SUPPLIED DATA Block Start

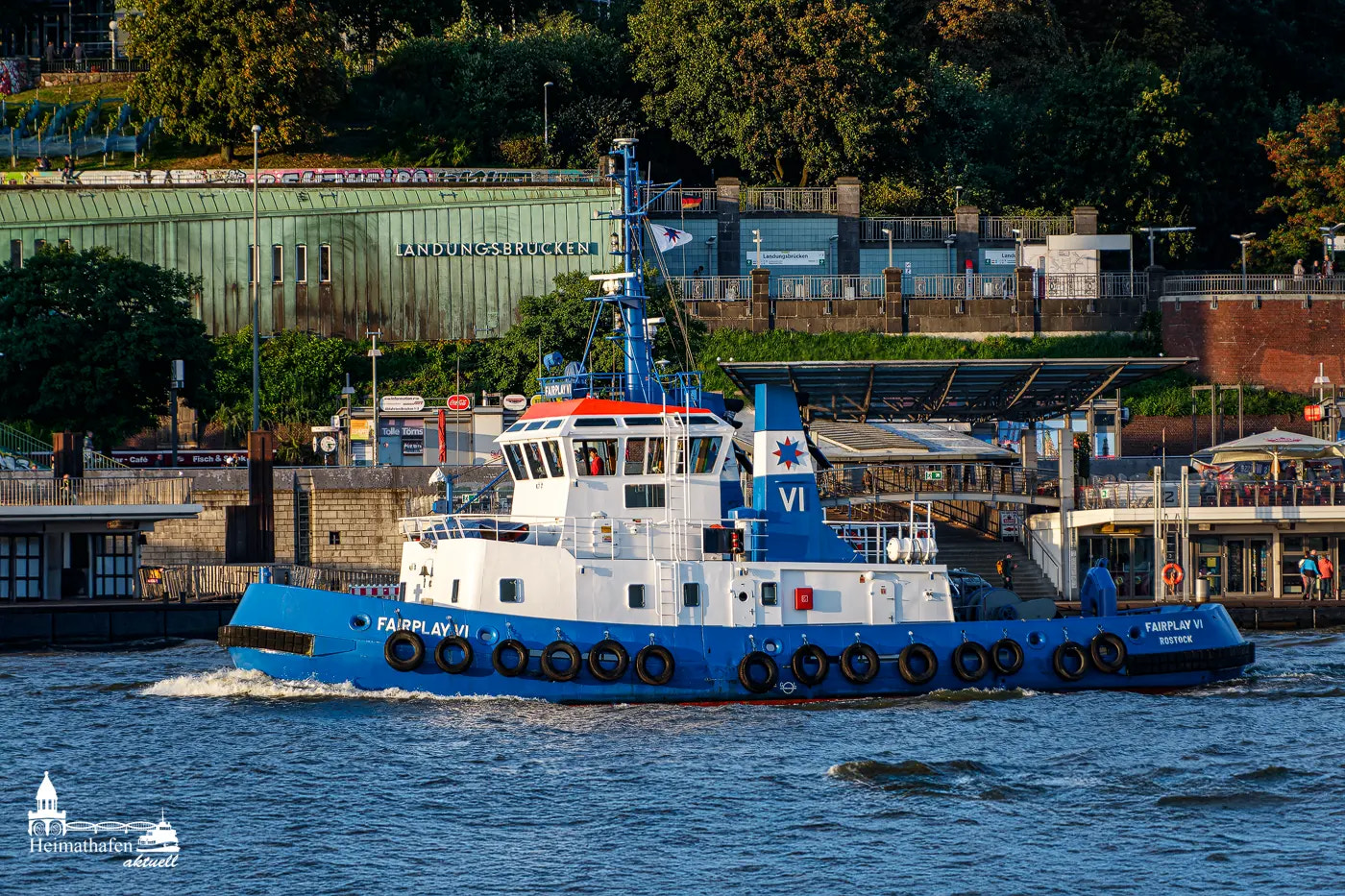 Der Schlepper FAIRPLAY VI aus Rostock fährt vor den Landungsbrücken in Hamburg entlang. Im Hintergrund sind die bekannten grünen Kupferdächer der Station zu sehen.
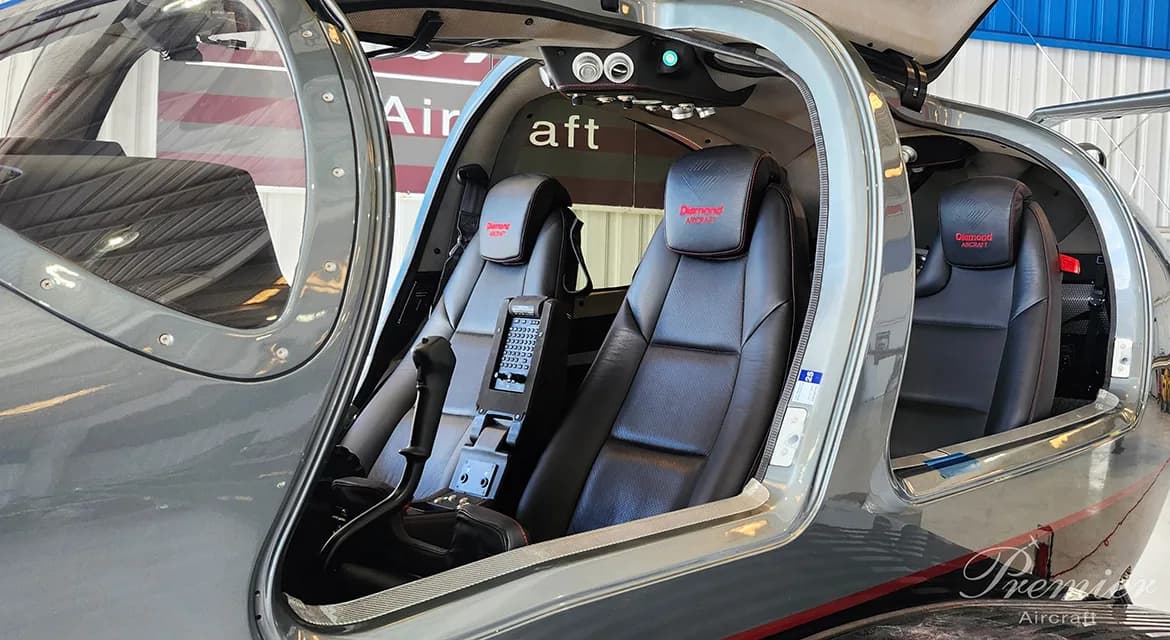 The interior of a Diamond DA62 aircraft shows the seats and side panels.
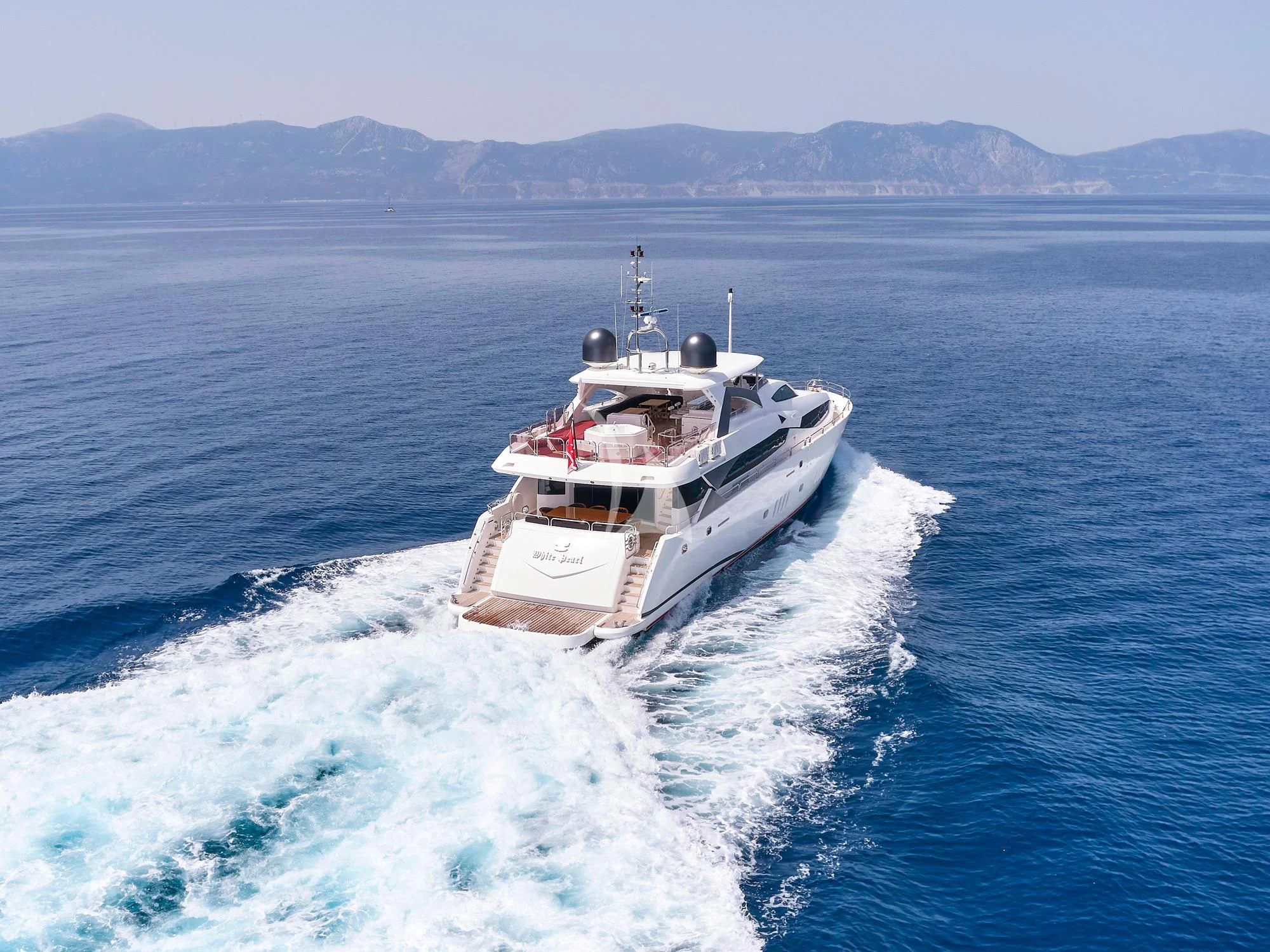 a boat on the water aboard WHITE PEARL I Yacht for Sale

SUPPLIED DATA Block End

● **TASK**
Copy the listing above verbatim; the pictures it contains are to stay out.

● **EXPECTED OUTPUT**
 Der Schlepper FAIRPLAY VI aus Rostock fährt vor den Landungsbrücken in Hamburg entlang. Im Hintergrund sind die bekannten grünen Kupferdächer der Station zu sehen.
 The interior of a Diamond DA62 aircraft shows the seats and side panels.
 a boat on the water aboard WHITE PEARL I Yacht for Sale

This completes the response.